# Simple linear regression

## Import the relevant libraries

In [1]:
import numpy as np
import pandas as pd
import matplotlib.pyplot as plt
import seaborn as sns
sns.set()

#import regression (machine learning) module
from sklearn.linear_model import LinearRegression

## Load the data

In [2]:
#load
data = pd.read_csv('1.01. Simple linear regression.csv')

data.head()

Unnamed: 0,SAT,GPA
0,1714,2.4
1,1664,2.52
2,1760,2.54
3,1685,2.74
4,1693,2.83


## Create the regression

**the machine learning algorithm will find the optimal coefficients of a linear regression model, that when given an SAT score, best predict the GPA of a student.**

### Declare the dependent and independent variables

In [3]:
#independent variable: 'SAT'
x = data['SAT']

#dependent variable: 'GPA'
y = data['GPA']

In [4]:
#useful to check the shapes of the features
x.shape

(84,)

In [5]:
y.shape

(84,)

**inputs and targets are both vectors of length 84**

Sklearn **prefers 2D arrays for its INPUTS, not 1D arrays.** 

# A MATRIX IS A 2D OBJECT, ALSO KNOW AS A 2D ARRAY!**

In [6]:
# In order to feed x to sklearn, it should be a 2D array (a matrix)
# Therefore, we must reshape it 
# Note that this will not be needed when we've got more than 1 feature (as the inputs will be a 2D array by default)

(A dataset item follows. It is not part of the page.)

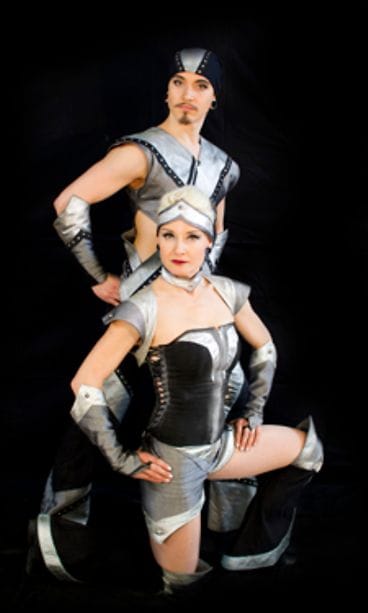 Äidin ja pojan duo Flaming Family.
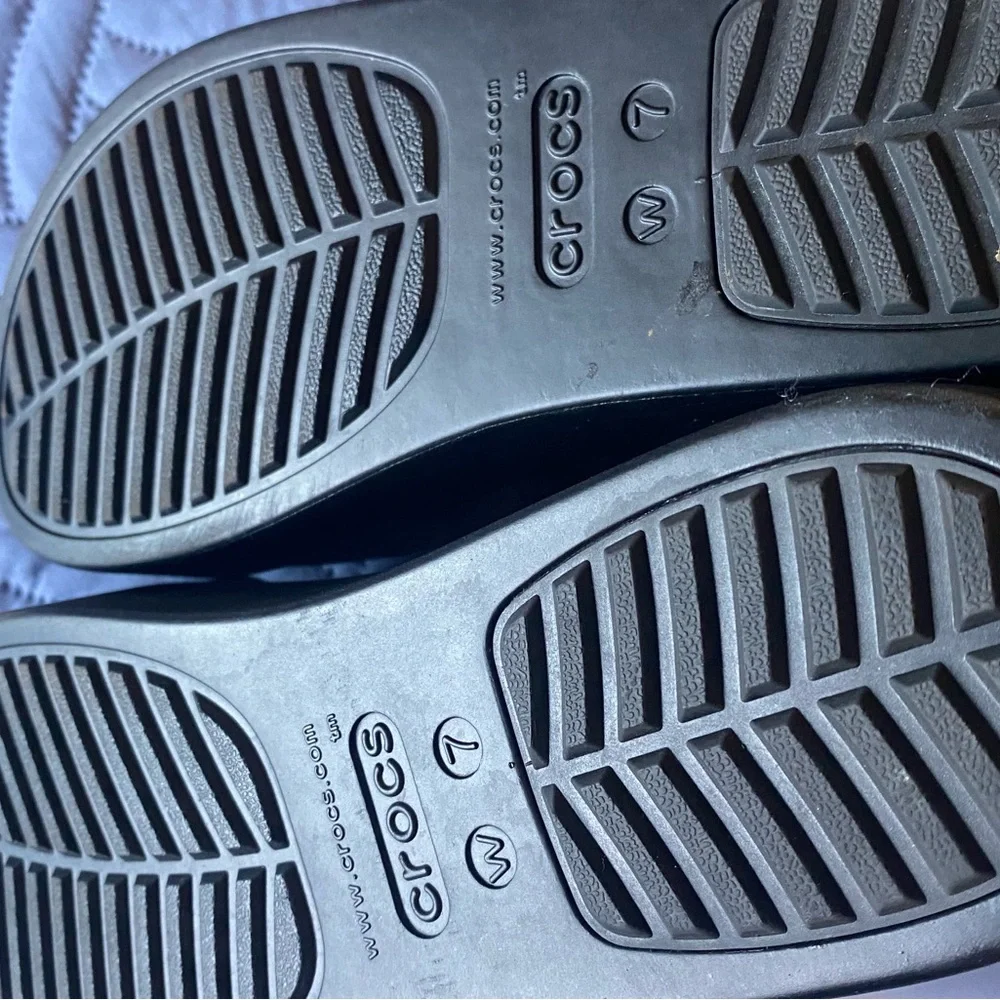 CROCS Women's Black Platform Slides - Picture 5 of 5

# x_matrix = x.values.reshape(84,1)
#NOTE: we are not changing anything, but the dimenstionality
#its (-1,1) NOT (84,1) because the program works better this way. 
x_matrix = x.values.reshape(-1,1) 

# Check the shape just in case
x_matrix.shape

(84, 1)

**NOTE:** regarding reshaping the feature into a 2D object is because it was 1D. This is only an issue we had to do for a **SIMPLE LINEAR REGRESSION**

**Sklearn takes full advantage of the object-oriented capabilities of Python and works a lot with very well written classes. More often than not, we would need to create an object or an instance of the given class**

So in this case, we're letting **reg be equal to LinearRegression()**. After executing that line, reg will be an instance of the linear regression class. Afterwards, all you need to do is fit the regression. 

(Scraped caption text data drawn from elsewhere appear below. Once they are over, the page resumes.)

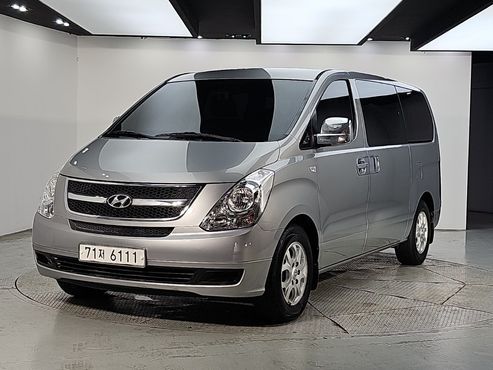 Hyundai Starex 12-Seater Wagon CVX Deluxe — пробег 143 278 км — фото 1 из 5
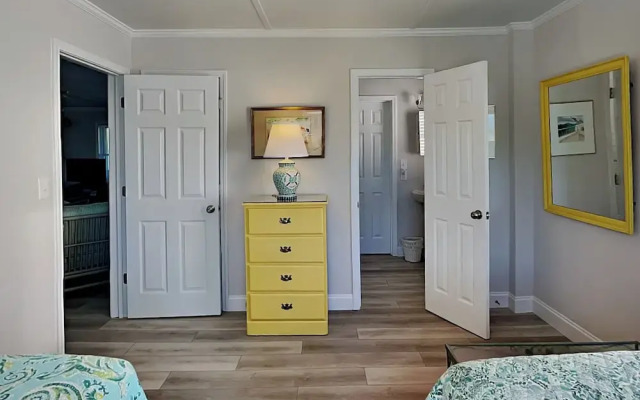 Lindy-B by Topsail Realty
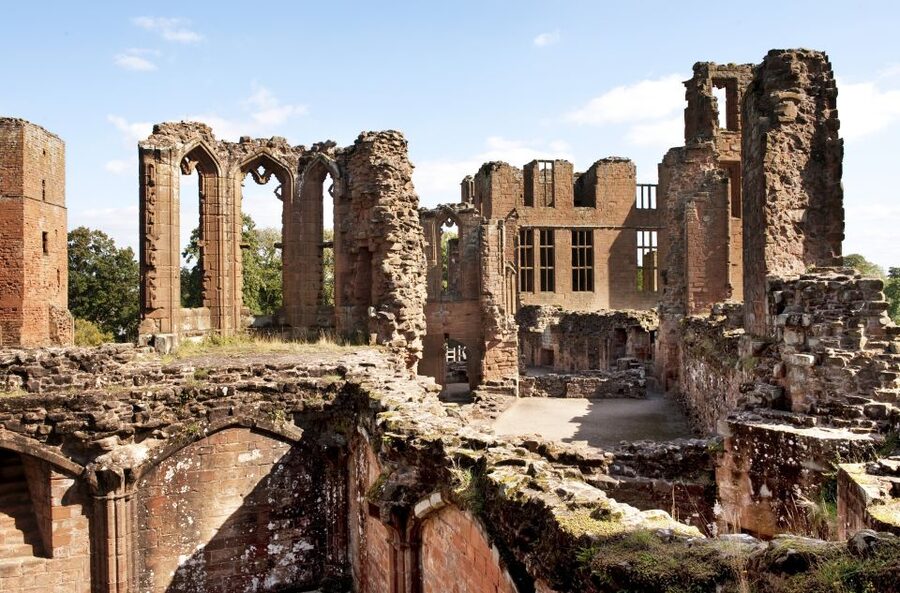 Kenilworth Castle and Elizabethan Garden Entry Ticket - The Tudor exhibitions explain the royal romance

The fit order is **very important**, must be (inputs,target)

### Regression itself
Full documentation: https://scikit-learn.org/stable/modules/generated/sklearn.linear_model.LinearRegression.html

In [7]:
# We start by creating a linear regression object
reg = LinearRegression()

In [8]:
# The whole learning process boils down to fitting the regression
# Note that the first argument is the independent variable, while the second - the dependent (unlike with StatsModels)
reg.fit(x_matrix,y)

LinearRegression()

Don't know why, but the **reg.fit(x_matrix,y)** on udemy produces **LinearRegression(copy_X=True, fit_intercept=True, n_jobs=1, normalize=False)**, which is different from what i get.

**copy_X = True** --> when its set to true it copies the inputs before fitting them. This is a safety net against normalization and other transformations that can be done by SK Learn while creating an algorithm. If you remember in our stats models lectures we would create copies of data frames every now and then. SK learn takes to care of that automatically.

**fit_intercept=True** --> in stats models, we had to manually add a constant. The fit intercept parameter takes care precisely of that. If you don't want an intercept you can just set it to false.

**n_jobs=1** --> is a parameter used when we want to parallelize routines. By default, only one CPU is used. For this simple example we won't see a difference no matter the number  of jobs we set. However, if you work on problems with lots and lots of data and have more than one CPU available, you can take advantage of this parameter by setting it to 2, 3, 5, and so on.

In [12]:
reg.predict([[1750]])

array([3.17249439])